• [Goal of the exercise]: Find the line with "QUE SE ENCARGARÍA" in the records below. Copy it and every line after it, up to and including the line with "5. Buscar restaurantes".

[Listed entries Boundary: Start]

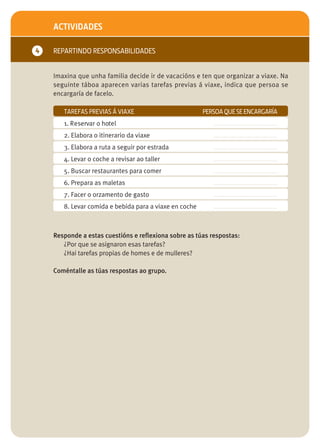 ACTIVIDADES

4   REPARTINDO RESPONSABILIDADES


    Imaxina que unha familia decide ir de vacacións e ten que organizar a viaxe. Na
    seguinte táboa aparecen varias tarefas previas á viaxe, indica que persoa se
    encargaría de facelo.

       TAREFAS PREVIAS Á VIAXE                          PERSOA QUE SE ENCARGARÍA
       1. Reservar o hotel                                 ....................................
       2. Elabora o itinerario da viaxe                    ....................................
       3. Elabora a ruta a seguir por estrada              ....................................
       4. Levar o coche a revisar ao taller                ....................................
       5. Buscar restaurantes para comer                   ....................................
       6. Prepara as maletas                               ....................................
       7. Facer o orzamento de gasto                       ....................................
       8. Levar comida e bebida para a viaxe en coche      ....................................



    Responde a estas cuestións e reflexiona sobre as túas respostas:
       ¿Por que se asignaron esas tarefas?
       ¿Hai tarefas propias de homes e de mulleres?

    Coméntalle as túas respostas ao grupo.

[Listed entries Boundary: End]

• [Result for this exercise]:
       TAREFAS PREVIAS Á VIAXE                          PERSOA QUE SE ENCARGARÍA
       1. Reservar o hotel                                 ....................................
       2. Elabora o itinerario da viaxe                    ....................................
       3. Elabora a ruta a seguir por estrada              ....................................
       4. Levar o coche a revisar ao taller                ....................................
       5. Buscar restaurantes para comer                   ....................................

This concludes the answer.